While Albert Reynolds’s political buddies were refereed to as the Country and Western Gang, Cowen’s ever-decreasing group of trusted pals have been dubbed the Dáil Bar Lobby gang.
He told the music magazine: ‘At the end of a long day, whether it’s there or somewhere else, you sit down with friends and relax and talk about everything – except politics.
‘You don’t talk about politics when you’re socialising.
‘It’s part of what you do to deal with the heavy workload. Also, you have friendships that span political parties.
‘I enjoy socialising. I enjoy relaxing with colleagues and the banter. A lot of it is relief of tension – take it handy for an hour and relax.
‘Don’t take yourself too seriously. It’s a good tonic. You can just sit down as individuals and chat about each other’s families and how things are going.
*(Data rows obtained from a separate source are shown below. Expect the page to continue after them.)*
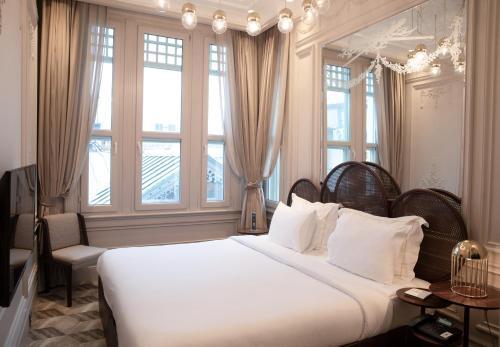 The Stay Bosphorus Room Type - Superior City Room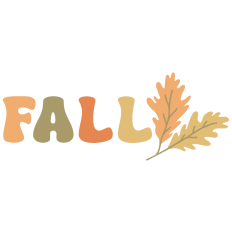 Fall With Leaves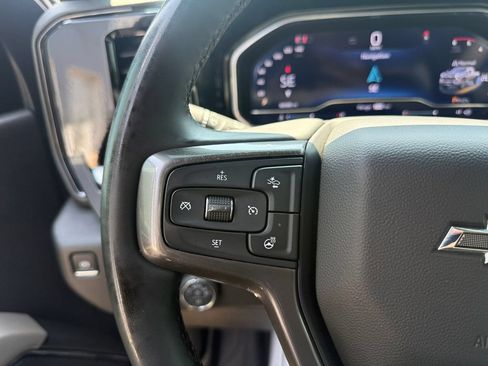 Used 2025 Chevrolet Silverado 2500 ZR2 w/ Technology Package AWD/4WD image 23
‘It doesn’t have to be this characterisation of a battlefield all the time.’ Cowen is also an accomplished and self-confessed mimic – although he has always been shy about naming who his favourite targets are. Indeed, he has always denied calling up a colleague one night pretending to be Charles Haughey.
He said: ‘It never happened but it shows you how stories can get legs. there are a lot of anecdotes, but I just feel that the Dáil bar is the only private bar in the country that you can go into as a members’ bar.
‘I find that we have heavy exposure, in terms of everybody knowing everything about us, so we should try to keep something sacrosanct.
‘What goes on in there, in terms of craic and anecdotes, is for there, and for the members.’ Just how much he indulges in mimicry of others these days is anybody’s guess. But he has since clearly grown tired of other people’s mimicry of him.
In March last year, it emerged that he had become less than impressed with Oliver Callan’s impersonation of him and his portrayal of him as a boorish drunk.
As a result the nob nation satirist was asked by the Gerry Ryan Show producer Siobhan Hough to tone his act down.
But the recent furore over his drinking is just the latest in a series of public comments on the issue.
In February this year, Gay Byrne attacked him over his drinking, questioning whether a bar stool in a local pub was any place for the head of government.
The former Late Late Show host said: ‘I question whether you can be Taoiseach and still sit up and have a pint in the local pub. You have to dignify the office.’
Like comments before and after, Cowen is believed to have regarded Byrne’s as a ‘low blow’.
Indeed, he appears to equate drinking as an integral part of characters and the colourful types he says Ireland needs.
But as he contemplates the reasons he was finally forced to apologise over Morning Ireland last night, only time will tell if he realises it’s more than colourful characters this country so desperately needs.